On Wed, 10 Feb 2016 17:37:30 +0100, Bernd Schmidt <bschmidt@redhat.com> wrote:
> On 02/10/2016 05:23 PM, Thomas Schwinge wrote:
> > Why?  A user of GCC has no intrinsic interest in getting OpenACC kernels
> > constructs' code offloaded; the user wants his code to execute as fast as
> > possible.
> >
> > If you consider the whole of OpenACC kernels code offloading as a
> > compiler optimization, then it's fine for GCC to abort this
> > "optimization" if it's reasonably clear that this transformation (code
> > offloading) will not be profitable -- just like what GCC does with other
> > possible code optimizations/transformations.
> 
> Yes, but if a single kernel (which might not even get executed at 
> run-time) can inhibit offloading for the whole program, then we're not 
> making an intelligent decision, and IMO violating user expectations. 

Sure, I agree it's a pretty "rough-grained" decision.  (Owed to the
non-shared-memory offloading architecture -- shared-memory offloading
indeed can make such decisions case by case.)

> IIUC it's also disabling offloading for parallels rather than just 
> kernels, which we previously said shouldn't happen.

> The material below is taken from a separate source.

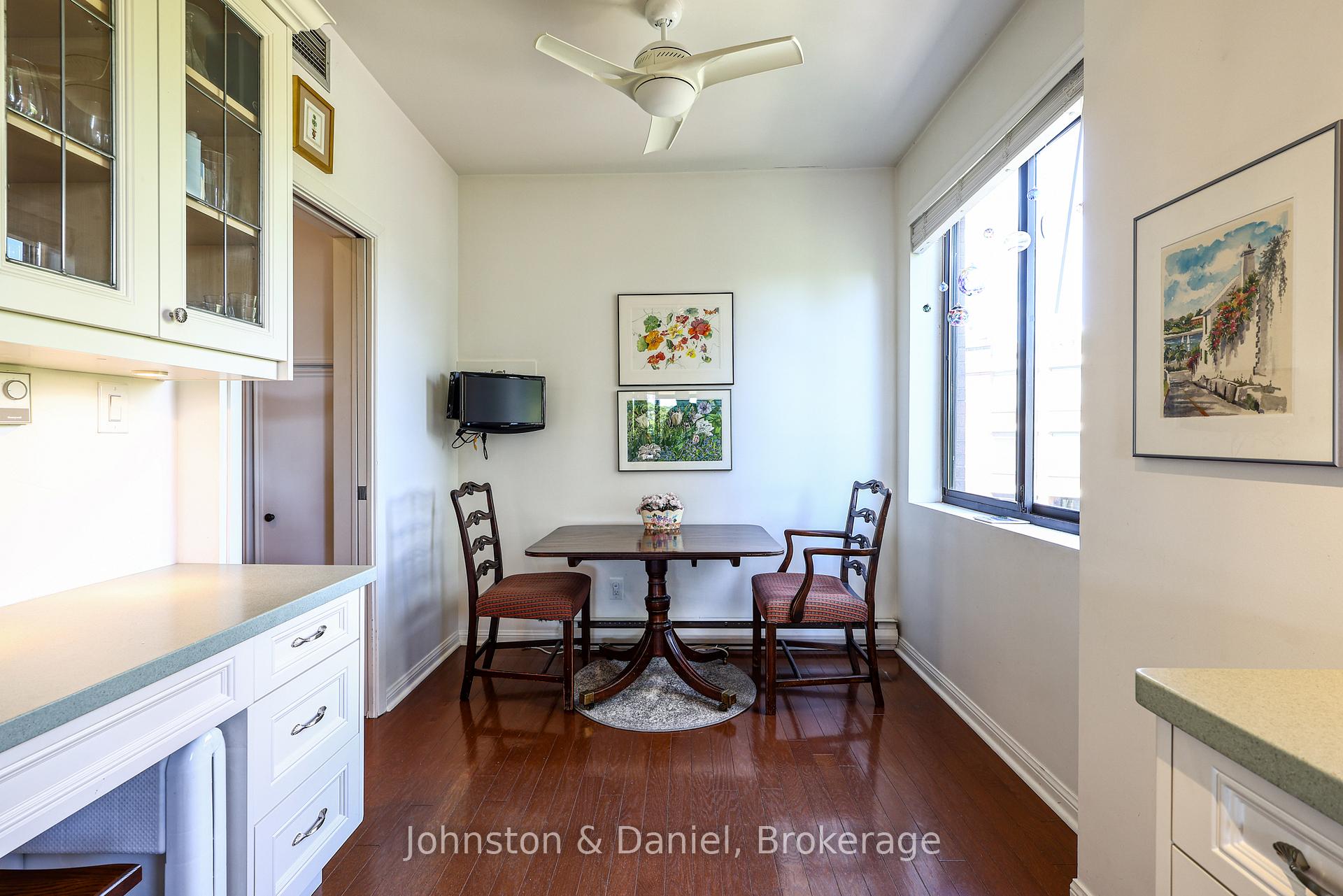 Photo 17 of Unit 401, 407 Walmer Road, Toronto, Casa Loma — HOMEH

Ah, you're talking about mixed OpenACC parallel/kernels codes -- I
understood the earlier discussion to apply to parallel-only codes, where
the "avoid offloading" flag will never be set.  In mixed parallel/kernels
code with one un-parallelized kernels construct, offloading would also
(have to be) disabled for the parallel constructs (for the same data
consistency reasons explained before).  The majority of codes I've seen
use either parallel or kernels constructs, typically not both.

> > As I've said before,
> > profiling the execution times of several real-world codes has shown that
> > under the assumtion that parloops fails to parallelize one kernel (one
> > out of possibly many), this one kernel has always been a "hot spot", and
> > avoiding offloading in this case has always helped prevent performance
> > degradation below host-fallback performance.
> 
> IMO a warning for the specific kernel that's problematic would be better 

That's something Tom suggested,
<http://news.gmane.org/find-root.php?message_id=%3C569D2059.4010105%40mentor.com%3E>,
and which motivated my patch, in going one step further:

> so that users can selectively apply -fopenacc to files where it is 
> profitable.

This puts it into the hands of the user to selectively mark kernels
constructs as suitable for GCC's current parloops processing (for
example, by disabling OpenACC/offloading on a per-file basis) -- which is
something we wanted to avoid, given the idea that in the future, GCC will
improve, and will be able to handle kernels constructs better, and the
user would then have to re-visit/un-do their earlier changes with each
GCC release, instead of just recompiling their code.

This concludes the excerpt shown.